No coliseu dos meus sentimentos, o leão é a personificação da saudade e o gladiador é a minha pobre sanidade tentando sobreviver ao caos e ao que lhe parece os últimos minutos de sua vida. (Lavatory's philosophy)

O problema é que o leão é tão formidável que ele acaba tomando excursões pela savana e vira e mexe ele está de volta em mim... na minha cama... no meu sono.

Quando as vontades e os desejos são muito fortes ou estão bem escondidos a ponto de que eu não coloque para fora, meu subconsciente faz o trabalho de externizar tudo, eu queira ou não.

Acordei de um sonho sufocante, no qual o leão mostrou as garrinhas novamente, e a saudade cravou fundo as unhas no meu peito.

Ergui-me arfante, zonza, desnorteada, triste, abalada.

A vontade de superação é grande. Mas a saudade é um gigante. (Ou seria leão?)

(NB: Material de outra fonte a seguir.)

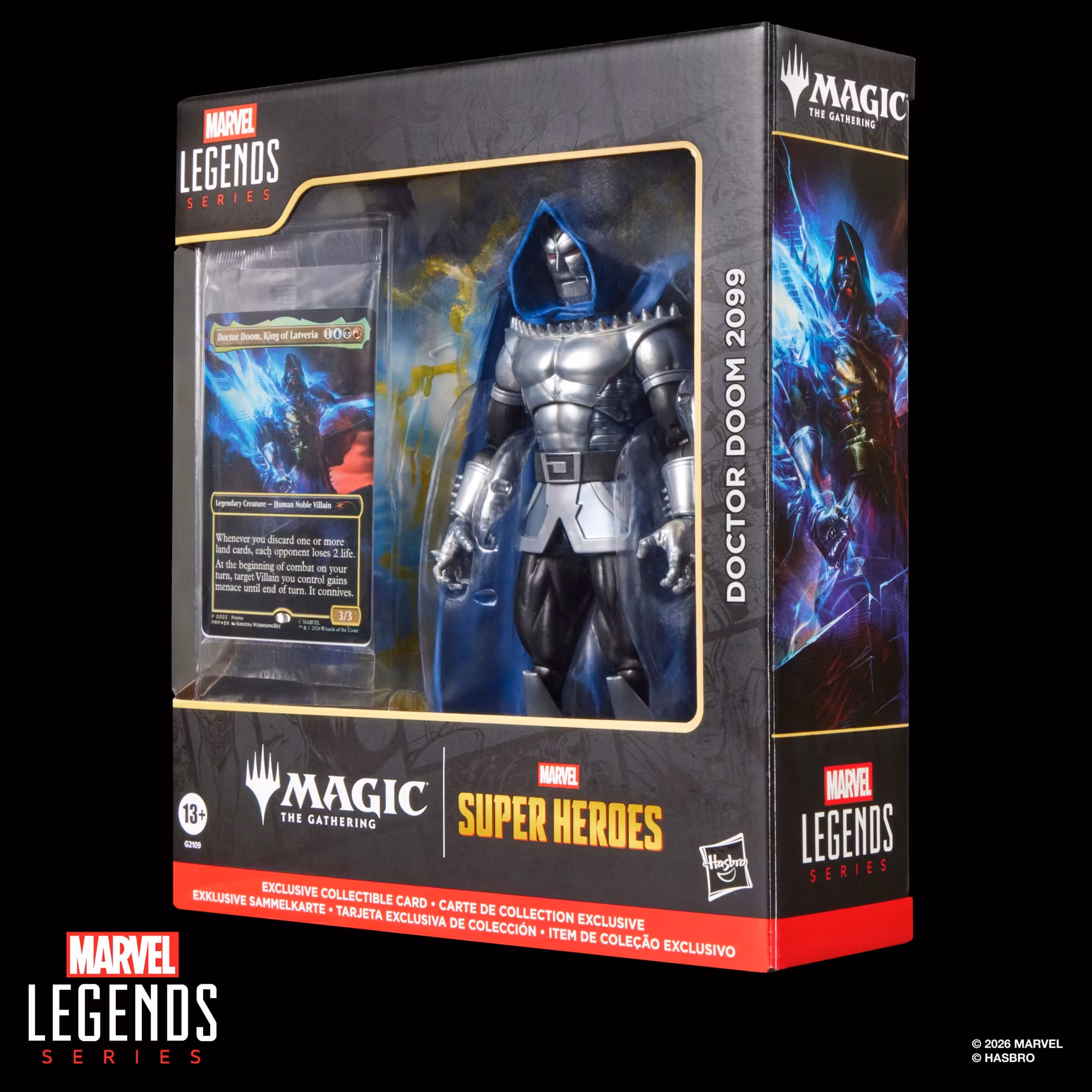 Marvel Legends Doctor Doom 2099 Action Figure with Exclusive Magic: The Gathering Card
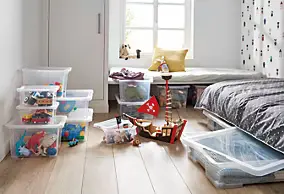 Boîte en plastique 15 L Kaze transparent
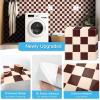 imageArt3d 10Pack HeavyDuty Peel and Stick Backsplash 12x12 Inch SelfAdhesive Wall Tile Stick on Kitchen Countertop DarkGreen ampamp Warm WhiteRedbrown and Warm White
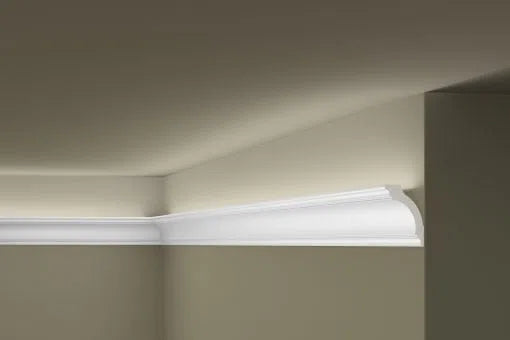 SIENA Z1220 2M NMC Ceiling Coving on white ceiling | DecorMania UK 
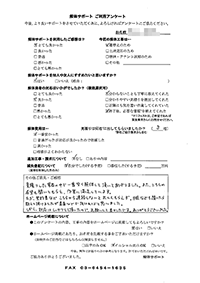 埼玉県川越市の解体工事後のアンケート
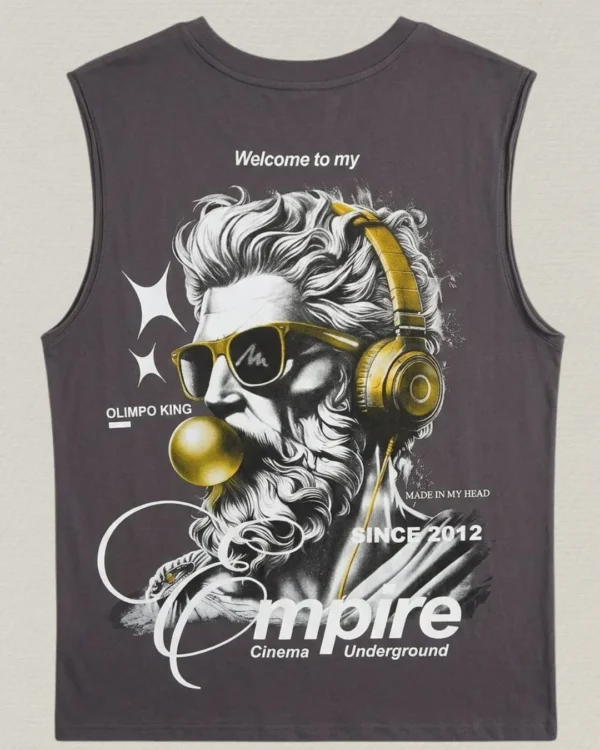 Camisilla Gris  Oscura Empire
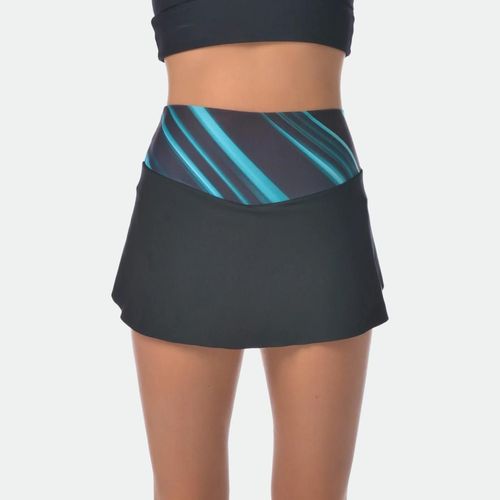 Pollera Calza Spin - NEGRO VERDE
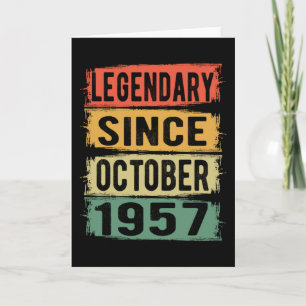 Geboortedatum: oktober 1957 kaart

Como se a vida não achasse o suficiente me pregar peças e me colocar neste bendito coliseu de tempos em tempos, a saudade ainda inventa uma situação, com novas circunstâncias, nas quais eu nunca vivi, e coloca o personagem principal causador da saudade no foco dos acontecimentos. Escreve um bom roteiro com estes elementos e ainda produz um filme independente que me é exibido em sonho, vívido como em uma tela de cinema.

Acordo daquele jeito, engasgada por lágrimas e por acontecimentos que nem sequer existiram, desfrutando das "alegrias" de ser humana.